Toute l’action du président américain serait motivée par son objectif principal: faire barrage à l’expansion chinoise. D’où son attitude face à Vladimir Poutine. Pas sûr, toutefois, que sa ligne agressive ne finisse pas… pas renforcer Pékin.
Cela s’appelle du billard à trois bandes. L’administration Trump, en adoptant une ligne très favorable à la Russie dans le conflit ukrainien, vise en réalité à faire des “deals” économiques avec le président russe, Vladimir Poutine. Mais ce faisant, il espère surtout décoller la Russie de la Chine, le conflit européen ayant jeté Moscou dans les bras de Pékin.
L’Indo-Pacifique est au coeur des intérêts stratégiques américains depuis de nombreuses années et sous plusieurs présidents: Obama, Trump, Biden. La volonté de contenir l’expansion économique de la Chine et ses ambitions géopolitiques motive bien des actes, à Washington.
Désormais, cela induit des mouvements majeurs et déroutants, avec des Etats-Unis votant des textes en compagnie de la Russie, de la Corée du Nord et… de la Chine aux Nations Unies.
“Trump, pas un idiot”
Edouard Philippe, ancien Premier ministre français et candidat déclaré à la prochaine présidentielle, ne disait pas autre chose dans un entretien à LCI cette semaine: “Ce que veut faire le président américain, aujourd’hui, est exclusivement dirigé par son objectif principal: la Chine.“
“En engageant la discussion avec les Russes, en renouant un dialogue politique et en recréant des liens économiques, il entend probablement faire l’envers de ce que Nixon faisait dans les années 1970, prolongeait-il. Nixon, à l’époque, avait tenté de décoller la Chine de l’Empire soviétique. Je n’exclus pas que Trump veuille faire la même chose.”
Une théorie à mille lieux de l’affirmation selon laquelle Donald Trump serait un “agent de Moscou”. “Comment pouvez-vous imaginer que le président américain n’ait pas de stratégie?, demande Edouard Philippe. Je pense que les gens estimant que Trump est un idiot ou qu’il agirait selon des réflexes idéologiques absurdent se trompent.”
Le jeu des alliances
L’économiste Nobert Gaillard ne dit pas autre chose dans une opinion publiée par L’Echo, ce mercredi 26 février. “En 2025, Trump cherche à conclure la paix en Ukraine aux conditions russes, écrut-il. Pour quelle finalité? Soit il s’agit d’affaiblir l’axe Moscou-Pékin pour mieux contrecarrer les ambitions chinoises, soit l’étape suivante est un réchauffement des relations sino-américaines.”

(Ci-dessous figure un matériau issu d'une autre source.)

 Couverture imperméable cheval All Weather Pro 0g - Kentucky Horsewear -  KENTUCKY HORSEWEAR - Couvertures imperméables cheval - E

Déscotcher Moscou de Pékin sera toutefois difficile, précise-t-il. L’option “est assez naïve quand on sait que 53% des importantions russes viennent de Chine et que les sanctions occidentales ont rendu Moscou encore plus dépendant de Pékin”. Et si l’objectif était précisément de les lever rapidement?
Et si Pékin… en profitait
En début de semaine, Vladimir Poutine et le président chinois, Xi Jinping, ont eu un long entretien pour s’opposer à cette velléité. Message commun: “la Chine et la Russie sont de bons voisins et de vrais amis qui ont traversé ensemble des hauts et des bas, se sont épaulés et développé ensemble”.

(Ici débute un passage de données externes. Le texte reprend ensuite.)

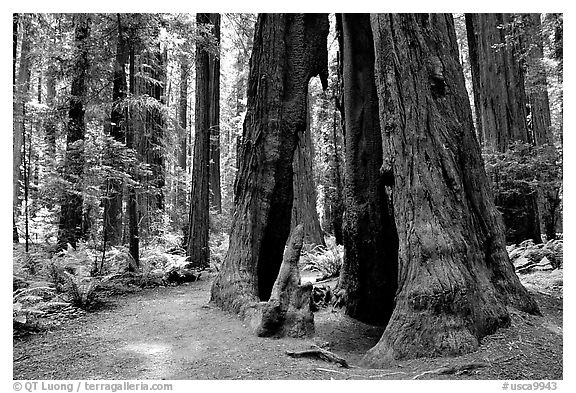 Hollowed tree, Humbolt Redwood State Park. California, USA (black and white)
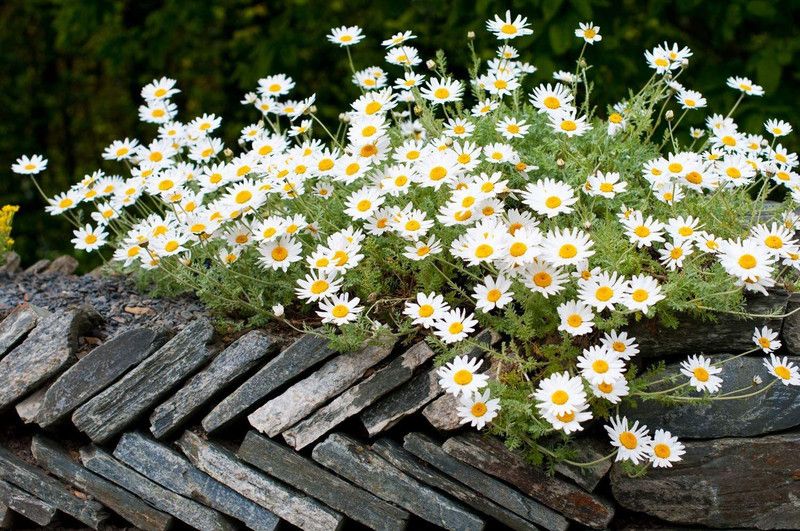 CYBEXIS Anthemis carpatica Snow Carpet Seeds, White Marguerite Daisy Seed  (1 g)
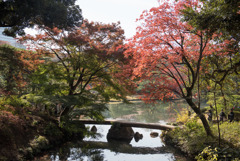 六義園【渡月橋の紅葉】20181201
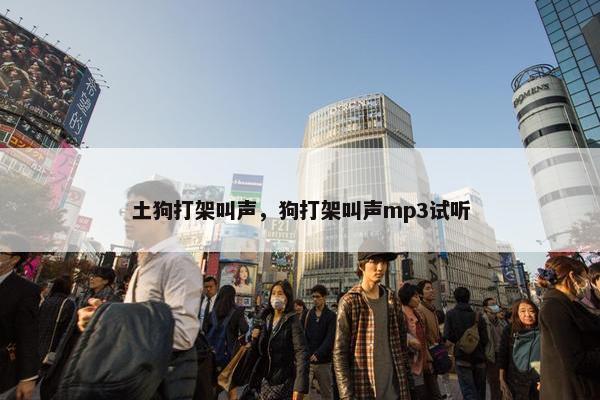 土狗打架叫声，狗打架叫声mp3试听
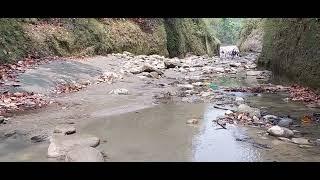 Someshwar Hills Gobardhana Forest range West Champaran (Bihar) । सोमेश्वर पहाड़ी (गोवर्धना) , रामनगर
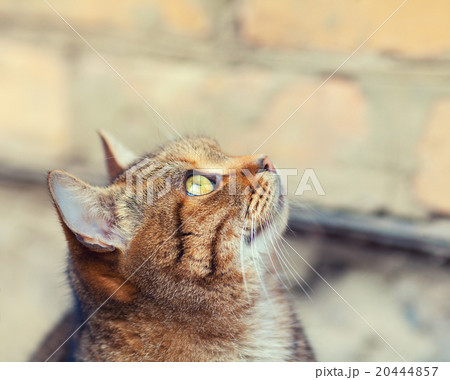 Portrait of cat looking up Portrait of cat looking up 20444857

Dans le grand charivari mondial actuel, on entend moins la Chine, et pour cause: le régime de Pékin pourrait profiter du caractère incohérent du locataire de la Maison Blanche pour renforcer sa position de partenaire fiable… y compris pour les Européens.
Plus que jamais, la destruction de l’ordre mondial rebat les cartes, sans que l’on sache comment le jeu se figera à nouveau.